Le quotidien français Libération publie le 26 Juin 2023 un (très) long article consacré à une supposée affaire de moeurs au sein du Tribunal rattaché à la Cour de Justice Européenne (CJE).

L’affaire date de 2014/2018 et concerne un des 91 membres de la juridiction - accusé de sévices et harcèlements par un(e) des quelque 300 référendaires.

Cet article fait suite à de précédents reportages du même type et du même organe de presse visant la CJE, la Commission, le Parlement européen, la Cour des Comptes …

Nous laissons ici les lecteurs juges (!) de l’appréciation des faits allégués (au demeurant en voie d’instruction par le parquet luxembourgeois) et de la forme du (violent) procès médiatique ainsi intenté, de fait, à l’ensemble de la juridiction.
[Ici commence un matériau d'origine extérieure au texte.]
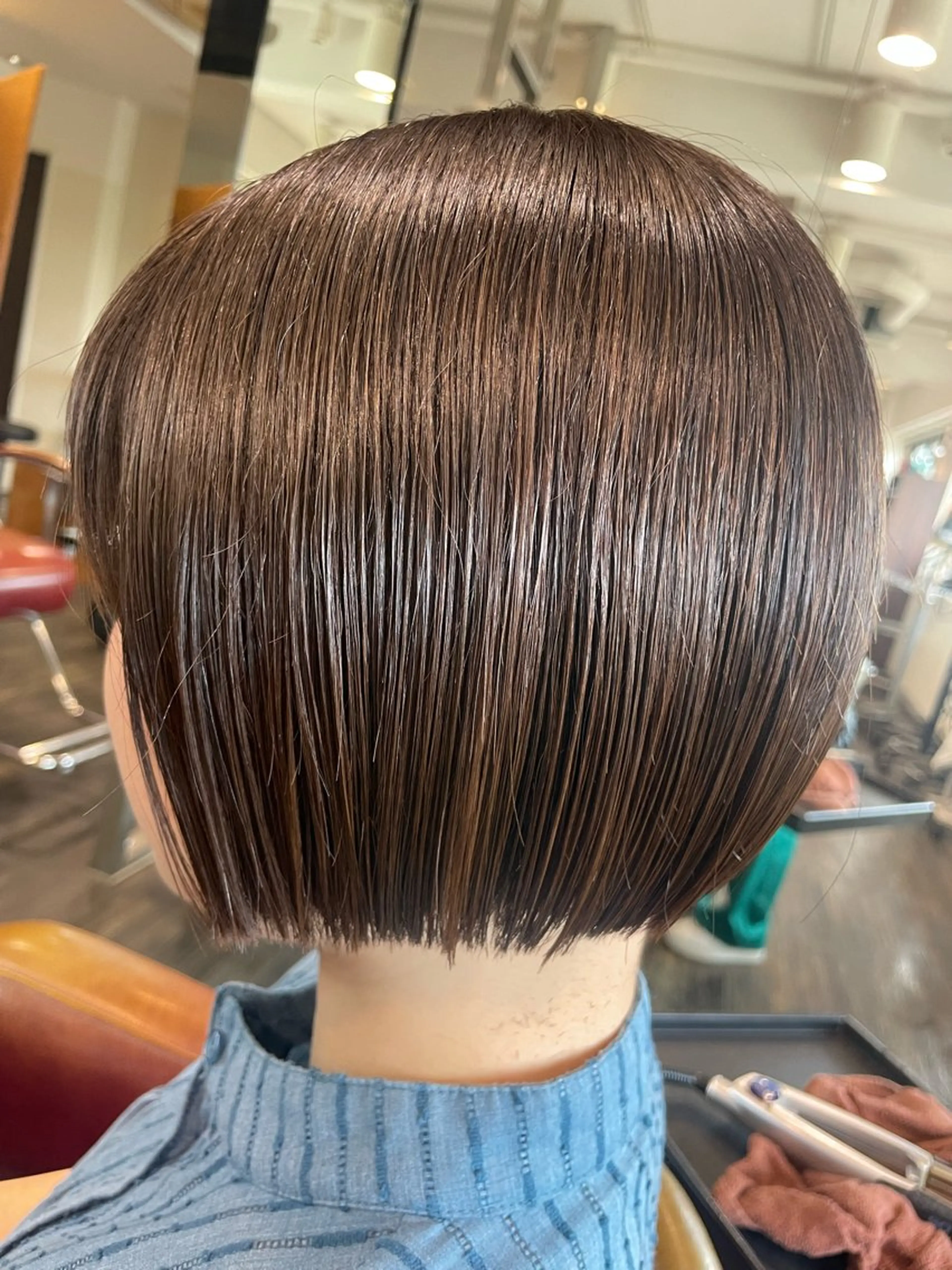 カラー ボブ カット 佐藤 綾郁のヘアスタイル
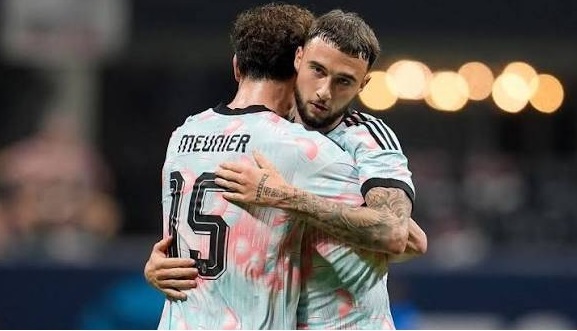 Thomas Meunier y Zeno Debast abrazándose durante el partido de la selección de Bélgica con el uniforme alternativo de Tintín.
Ils apprécieront notamment l’opportunité de la mise en cause personnelle et nominative non seulement de membres de la CJE mais aussi de certains de ses responsables administratifs.
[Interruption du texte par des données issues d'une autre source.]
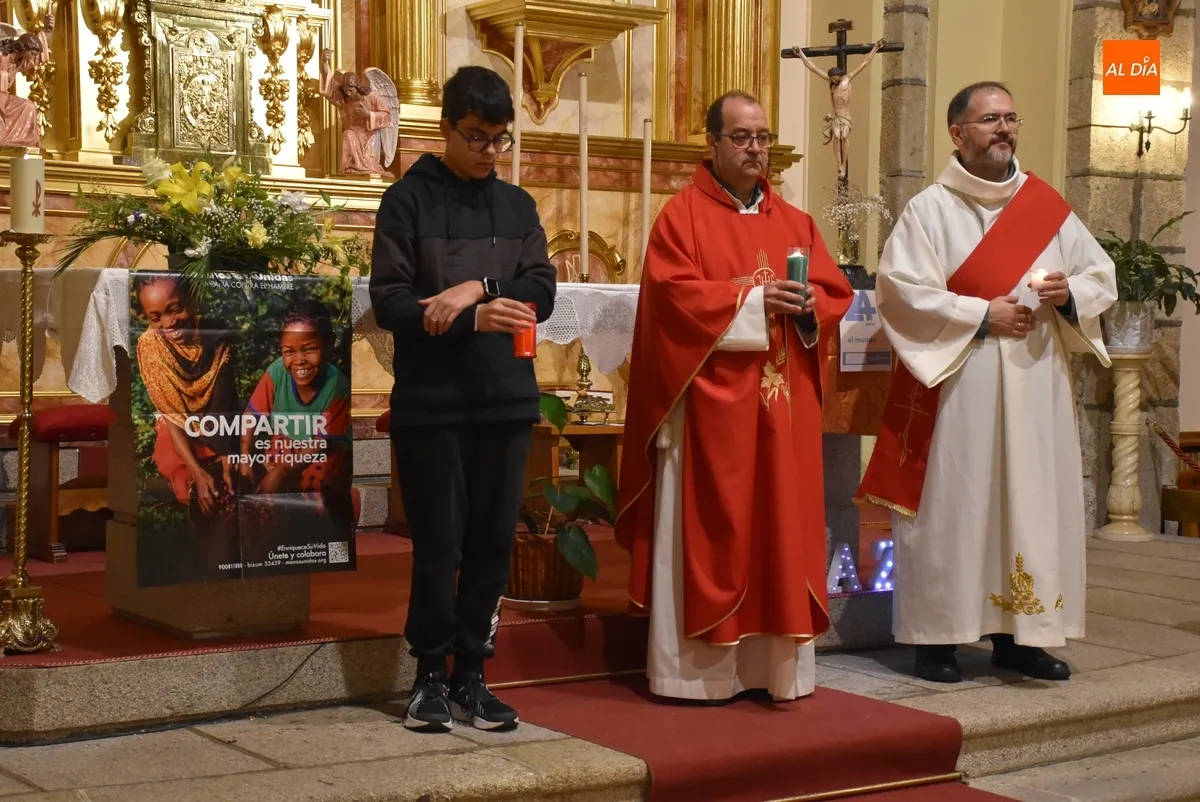 Foto 9 - Manos Unidas remarca con velas su compromiso con la esperanza, la fraternidad y el amor
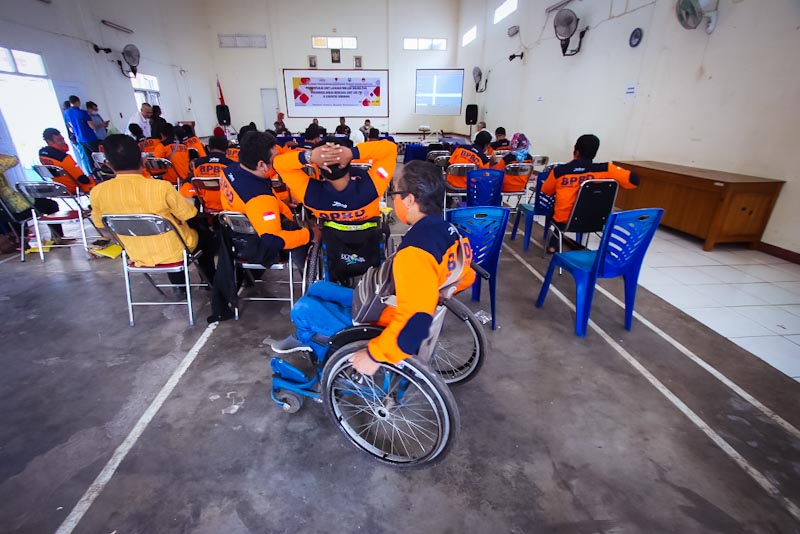 Puluhan warga difabel mengikuti pembentukan Unit Layanan Inklusi Disabilitas Penanggulangan Bencana (LIDi PB) di aula Kantor Kecamatan Tuntang Kabupaten Semarang, Kamis 14 Juli 2022. Kegiatan yang diadakan BPBD Provinsi Jawa Tengah bekerja sama dengan BPBD Kabupaten Semarang dihadiri Plt Kalakhar BPBD Kabupaten Semarang M Maskuri, perwakilan pengurus LIDi PB Jawa Tengah dan puluhan difabel serta Kepala Bidang Pencegahan dan Kesiapsiagaan Kinaryo. Terpilih sebagai ketua unit LIDi PB Kabupaten Semarang Arif Triyono dan Sekretaris Ch Ratna Windaryanti. Photo: WF Sihardian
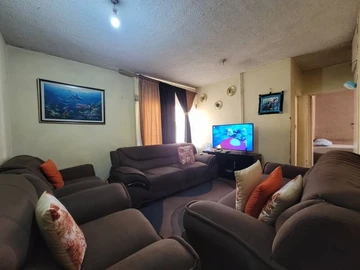 2 Bedroom Flat & Apartment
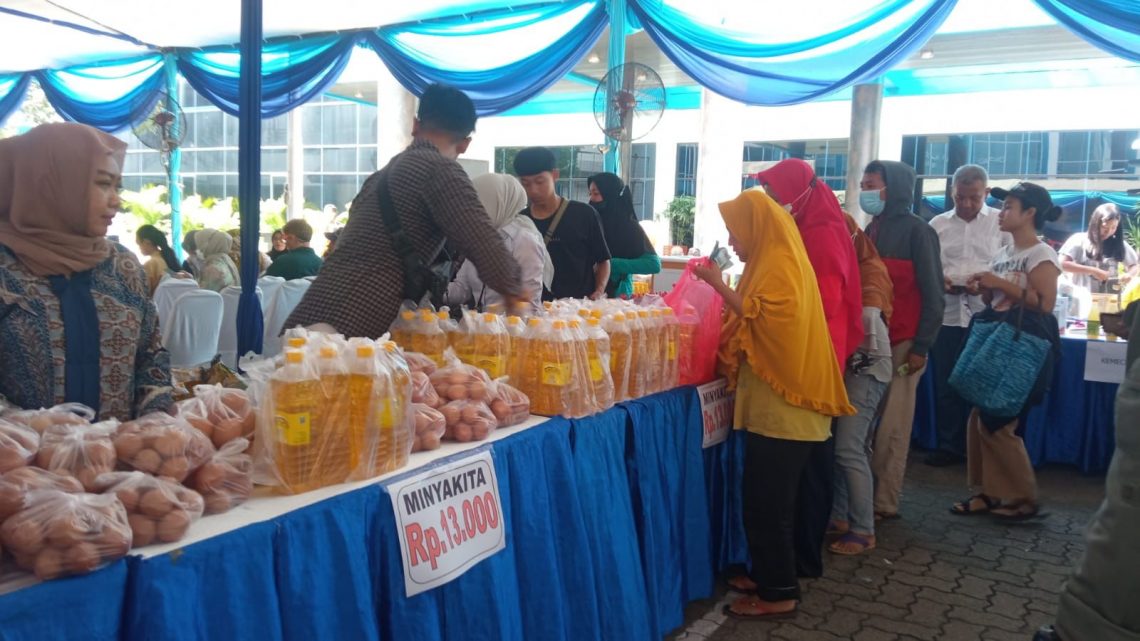 Pemprov Jatim Jaga Gejolak Harga Bahan Pokok Jelang Ramadan Lewat Operasi Pasar Murah 1 operasi pasar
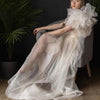 Robe maternité SheerPhoto ivoire tulle fauteuil photoshoot grossesse - Bébé Lova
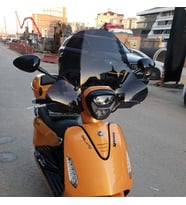 MOTOCAM Yuki Gelato 150 Ön Cam 2023-2026 Model 43cm Siyah Renkli 4mm APARATSIZ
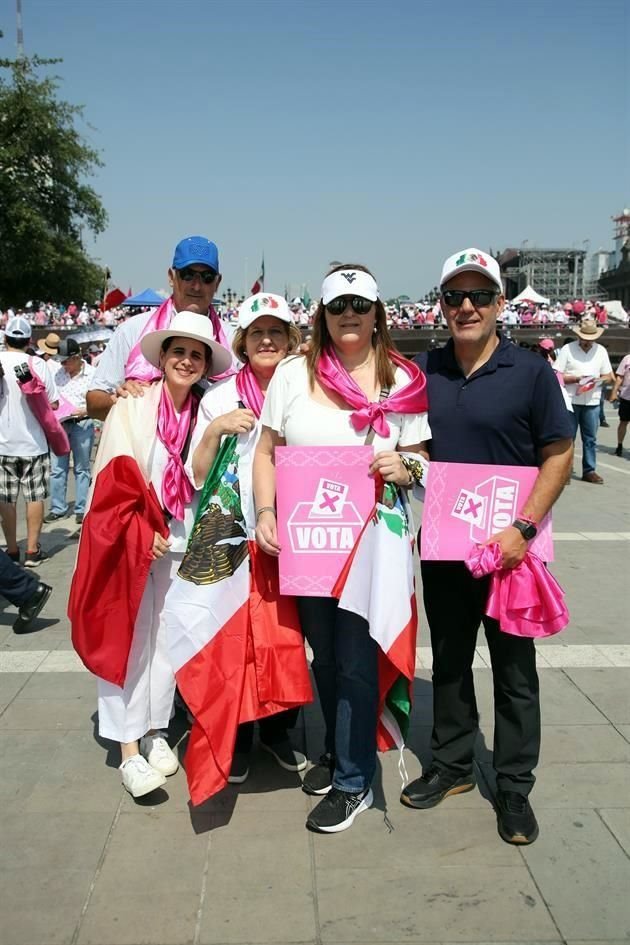 Luis Pro Elizondo, Cecilia Guerra de Pro, Yolanda Elizondo de Pro, Yolanda Pro de Islas y Felipe Islas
Nous nous bornerons ici à fournir aux lecteurs intéressés quelques éléments d’information sur une critique spécifique portant sur la procédure de pré-sélection des membres de la CJE (procédure dite du « Comité 255 » ).

Cette critique (d’ailleurs sans lien direct avec l’affaire concernée) doit être relevée et contestée dans la mesure où elle pourrait jeter un doute sur l’efficacité d'une procédure (unique en son genre parmi les juridictions suprêmes) visant à assurer l’indépendance et la qualification des juges européens.
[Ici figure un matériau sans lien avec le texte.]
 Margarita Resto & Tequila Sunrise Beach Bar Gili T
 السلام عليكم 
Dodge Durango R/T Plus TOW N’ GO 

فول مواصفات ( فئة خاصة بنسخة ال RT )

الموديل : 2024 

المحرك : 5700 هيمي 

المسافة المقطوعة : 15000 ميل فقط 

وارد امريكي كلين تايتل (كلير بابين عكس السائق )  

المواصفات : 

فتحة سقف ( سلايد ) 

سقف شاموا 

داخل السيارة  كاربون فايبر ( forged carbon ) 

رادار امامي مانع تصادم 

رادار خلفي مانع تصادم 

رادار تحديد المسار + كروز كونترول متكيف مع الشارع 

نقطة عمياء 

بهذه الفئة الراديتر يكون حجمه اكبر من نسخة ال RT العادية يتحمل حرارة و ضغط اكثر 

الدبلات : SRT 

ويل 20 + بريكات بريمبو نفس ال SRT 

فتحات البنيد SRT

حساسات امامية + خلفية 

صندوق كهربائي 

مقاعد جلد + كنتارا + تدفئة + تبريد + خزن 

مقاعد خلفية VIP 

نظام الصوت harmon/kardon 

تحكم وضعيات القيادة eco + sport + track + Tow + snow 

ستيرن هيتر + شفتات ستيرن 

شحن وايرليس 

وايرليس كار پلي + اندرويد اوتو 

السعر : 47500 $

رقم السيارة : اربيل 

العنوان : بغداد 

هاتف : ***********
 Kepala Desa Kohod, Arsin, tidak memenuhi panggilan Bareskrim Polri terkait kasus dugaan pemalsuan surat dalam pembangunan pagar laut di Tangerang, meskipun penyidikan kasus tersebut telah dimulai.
Nous renvoyons à cet effet les lecteurs aux documents ci-après qui leur permettront de se former une opinion sur le sujet :

Remarquons in fine que - intentionnellement ou pas - ce type de procès médiatique à charge est susceptible d’affecter la réputation des Institutions concernées. Leur droit de réponse étant par nature limité par un strict devoir de réserve (notamment dans des affaires personnelles), on peut s’interroger sur la déontologie des éditeurs des journaux concernés. Le principe même de l’état de droit voudrait que l’appréciation des faits - et à plus forte raison les conclusions d’éventuelles enquêtes - soient laissées en priorité aux instances juridictionnelles et/ou administratives concernées. Mais peut-être est-ce là une conception « dépassée » de l’information et de la responsabilité éditoriale de la presse.